По мнению отдельных дарвинистов, данный вывод настолько очевиден, что его проверка – пустая трата времени. Тем не менее Дали и Уилсон все-таки взяли на себя этот труд. И то, что они обнаружили, удивило даже их. В 1976 году американские дети, живущие с одним или обоими неродными родителями, приблизительно в сто раз чаще подвергались жестокому обращению, влекущему за собой летальный исход, чем дети, проживающие с биологическими родителями. В одном канадском городе в 1980-х годах ребенок младше двух лет, проживающий с одним неродным родителем, имел в семьдесят раз больше шансов быть убитым, чем ребенок, проживающий с двумя родными родителями. Конечно, детоубийство совершает лишь крошечная доля неродных родителей; развод и повторный брак матери – отнюдь не смертный приговор ребенку. Но задумайтесь о более распространенной проблеме нефатального насилия. Как показывают исследования, у детей младше десяти лет, проживающих с одним родным и одним неродным родителем, в 3–40 раз больше шансов подвергнуться жестокому обращению, чем у детей, проживающих с двумя родными родителями[173]

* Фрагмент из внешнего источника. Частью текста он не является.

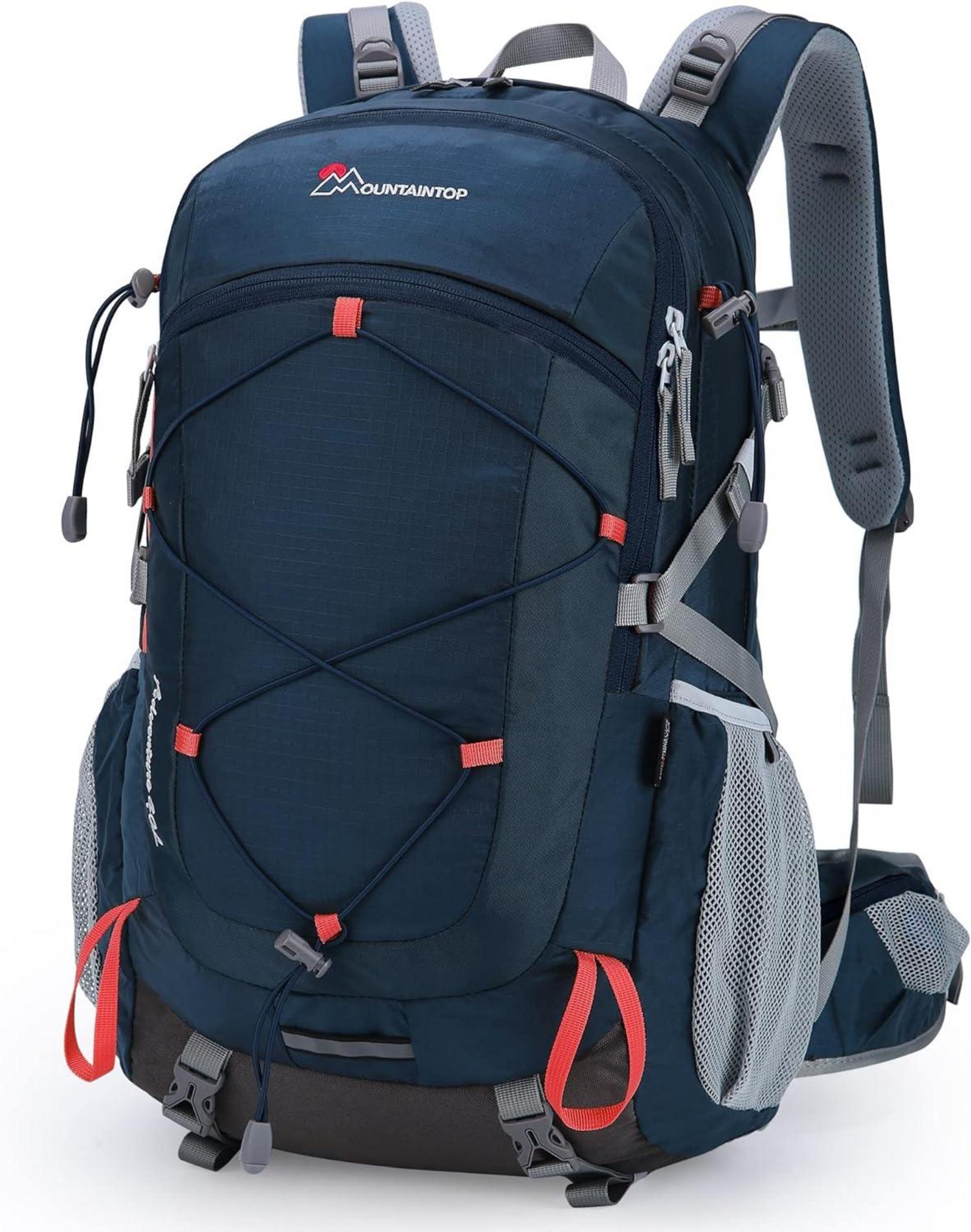 Wanderrucksack 40L Outdoor Trekkingrucksack mit Regenhülle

.Разумно предположить, что этому грубому паттерну следуют многие другие, менее страшные формы родительского безразличия. В конце концов, естественный отбор
Конечно, есть способы одурачить природу, заставить родителей любить неродных детей. В конце концов, люди не телепаты и не могут почувствовать, несет ребенок их гены или нет. Вместо этого они полагаются на косвенные признаки, которыми пользовались наши далекие предки. Если женщина кормит и нянчит младенца день за днем, она рано или поздно может полюбить его; равно как и мужчина, который спал с ней много лет. Именно этот вид привязанности делает усыновленных детей достойными любви, а нянечек – способными любить. Но и теория, и практические наблюдения показывают: чем в более старшем возрасте приемный родитель впервые увидит ребенка, тем менее вероятна глубокая привязанность к нему. В то же время подавляющее большинство детей знакомится с отчимами отнюдь не в младенческом возрасте.

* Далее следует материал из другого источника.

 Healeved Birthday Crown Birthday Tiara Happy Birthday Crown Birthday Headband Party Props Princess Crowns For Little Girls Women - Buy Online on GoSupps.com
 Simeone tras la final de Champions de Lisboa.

Нетрудно вообразить, какие дискуссии развернутся между рассудительными и гуманными людьми относительно того, действительно ли моногамное общество лучше полигиничного. Впрочем, одно несомненно: когда брачным институтам (в любом обществе) позволяют распасться, в результате чего количество разводов, матерей-одиночек и детей, не живущих с обоими биологическими родителями, возрастает, теряется наиболее драгоценный эволюционный ресурс – любовь. Каковы бы ни были относительные достоинства моногамии и полигинии, то, что мы имеем сейчас – последовательную моногамию (де-факто полигинию), – в некотором отношении худший из вариантов.
Очевидно, дарвинизм не всегда будет упрощать нравственные и политические дискуссии. В данном случае, подчеркивая нестыковки между равенством мужчин и равенством женщин, он фактически усложняет вопрос о том, какие брачные институты лучше всего отвечают нашим идеалам. Вместе с тем данные нестыковки существовали всегда; просто сейчас их больше не замалчивают. Как только мы определим, какие институты наилучшим образом служат нашим нравственным целям, дарвинизм может сделать свой второй вклад в дискуссию о морали: он подскажет нам, какие силы – какие моральные нормы, какая социальная политика – помогают питать эти институты.
Здесь возникает другой парадокс в дебатах о «семейных ценностях»: консерваторы могут сильно удивиться, услышав, что один из лучших способов укрепления моногамного брака – более равномерное распределение доходов[174]
. Так, у молодой одинокой женщины будет меньше оснований отбивать мужа А у жены А, если у холостяка Б денег столько же. А муж А, убедившись, что молодые женщины не бросают на него кокетливые взгляды, будет больше ценить жену А и меньше замечать ее морщины. Данная динамика помогает объяснить, почему моногамный брак часто пускал корни именно в обществах с невысокой экономической стратификацией.